▶ **Data records**
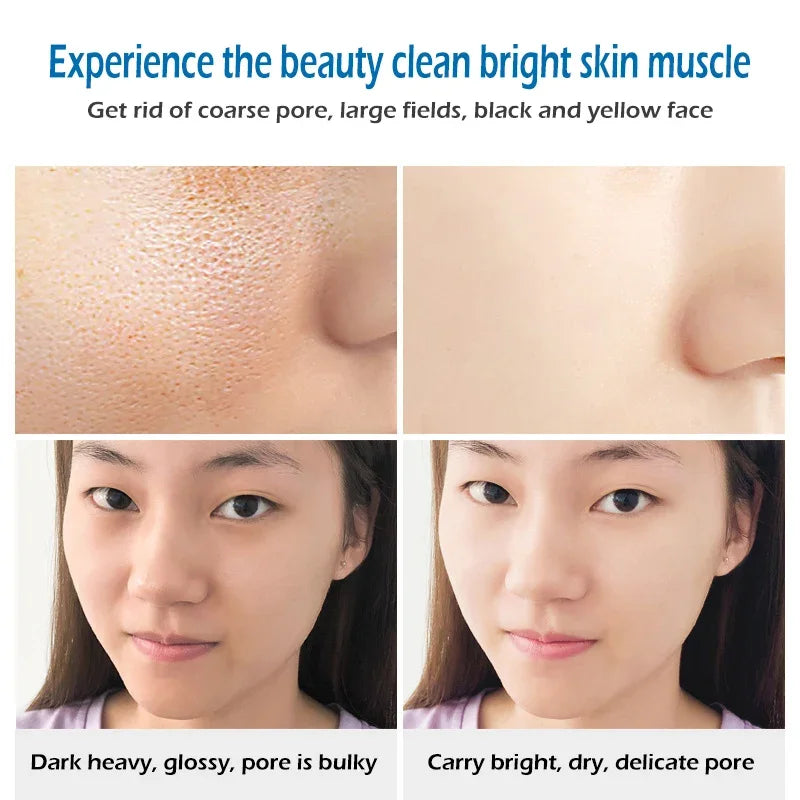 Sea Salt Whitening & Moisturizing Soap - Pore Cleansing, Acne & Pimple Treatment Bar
* * *
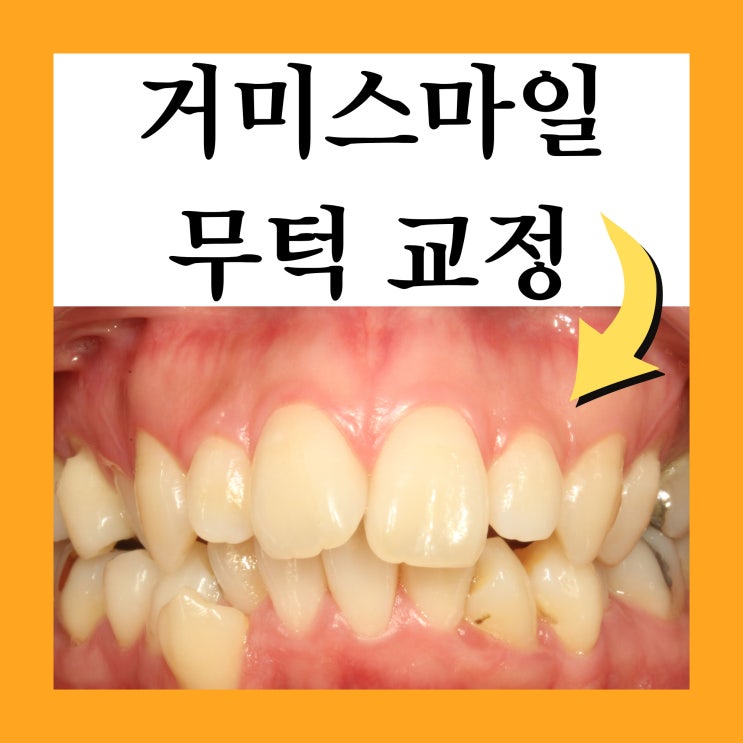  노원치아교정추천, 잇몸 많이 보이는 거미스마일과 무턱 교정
...
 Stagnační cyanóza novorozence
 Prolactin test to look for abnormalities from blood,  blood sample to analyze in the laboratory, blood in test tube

▶ **Goal of the exercise**
Quote the data above from the line containing "Stagnační cyanóza novorozence" to the line containing "Prolactin test to", inclusive, and stop.

▶ **Reply**
 Stagnační cyanóza novorozence
 Prolactin test to look for abnormalities from blood,  blood sample to analyze in the laboratory, blood in test tube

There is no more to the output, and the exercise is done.